Task to carry out: Your reply should consist only of the lines from the one holding "A cute and friendly" to the last line of the data below, written out exactly and without pictures.
------------------------------------
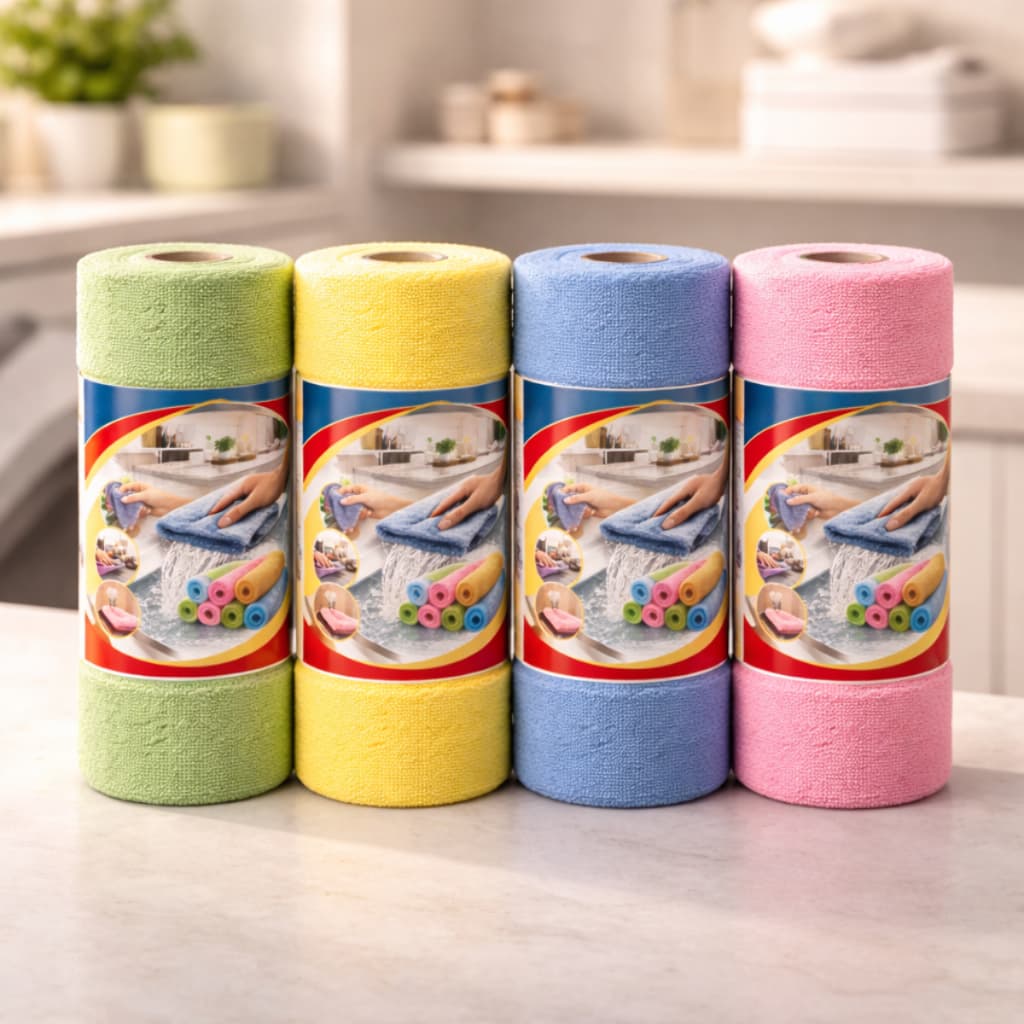 Rolo Pano Limpeza Microfibra 20 Folhas Alta Absorção Flanela Reutilizável Macia Automotivo Multiuso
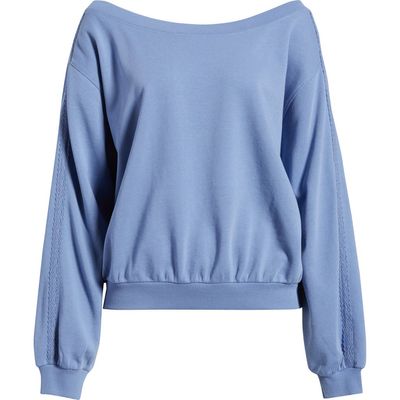 BP. BP. Lace Trim Off the Shoulder Cotton Blend Sweatshirt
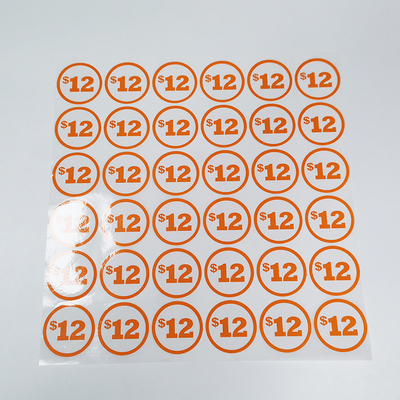 Błyszczące niestandardowe etykiety detaliczne BOPP Film Price Tag Klej CMYK Circle Sticker Labels
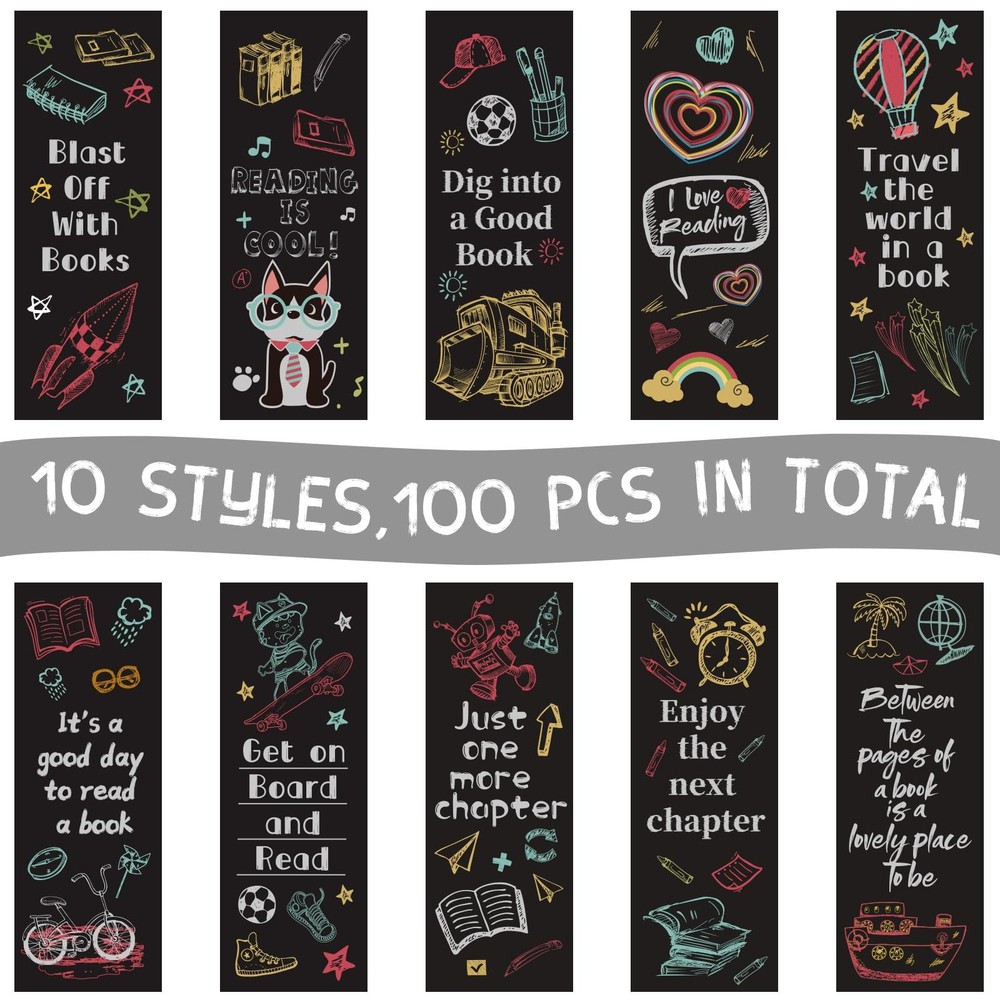 100 Pcs Reading Rocks Bookmarks Rockets Design 72.5 Inch Double Sided Reader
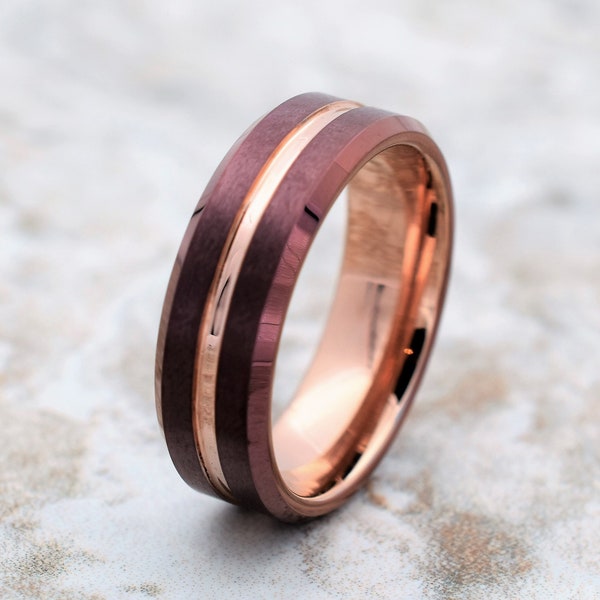 Brown Tungsten Ring, Brown Tungsten Band, Brown and Rose Gold Tungsten Ring, Men's Tungsten Ring, Men's Tungsten Band, Brown Band, Brown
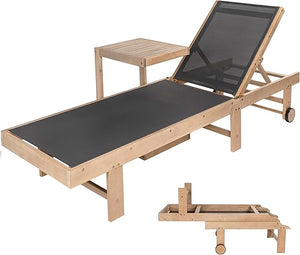 Outdoor Chaise Lounge Set with Side Table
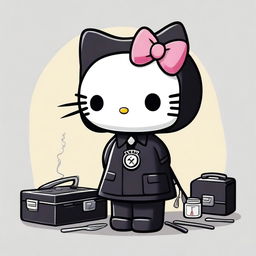 A cute and friendly depiction of Hello Kitty dressed as a mortician, complete with a black dress and small, tool kit.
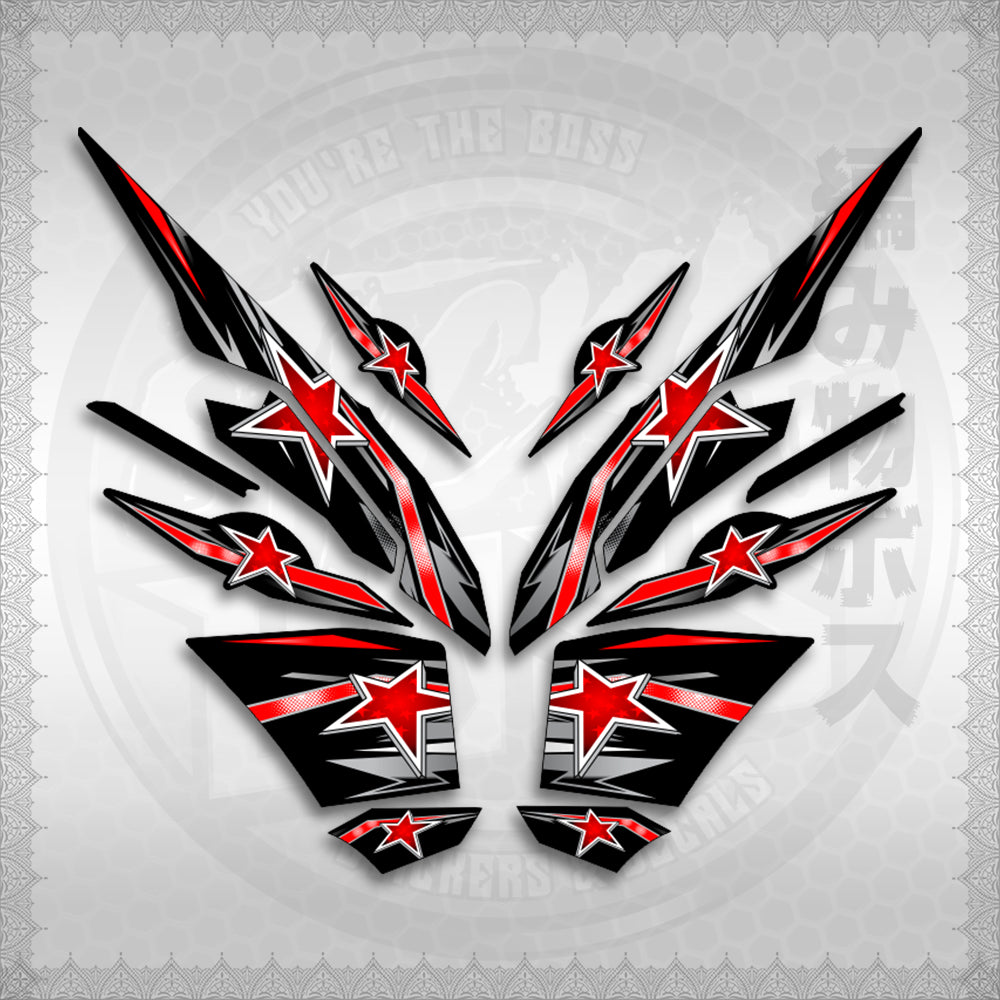 STICKER DECALS for AEROX V3 ALPHA TURBO INDO (AV3LESTSE) By STICKABOSS (SOFIE LAMINATED WATERPROOF)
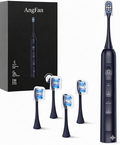AngFan Electric Toothbrush for Adults 180 Days Battery Life Rechargeable with 5 Modes, 48000VPM Motor Smart Timer IPX8, Sonic Toothbrush with 4 Brush Heads &Travel Case, Black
------------------------------------
Solution for this problem:
 A cute and friendly depiction of Hello Kitty dressed as a mortician, complete with a black dress and small, tool kit.
 STICKER DECALS for AEROX V3 ALPHA TURBO INDO (AV3LESTSE) By STICKABOSS (SOFIE LAMINATED WATERPROOF)
AngFan Electric Toothbrush for Adults 180 Days Battery Life Rechargeable with 5 Modes, 48000VPM Motor Smart Timer IPX8, Sonic Toothbrush with 4 Brush Heads &Travel Case, Black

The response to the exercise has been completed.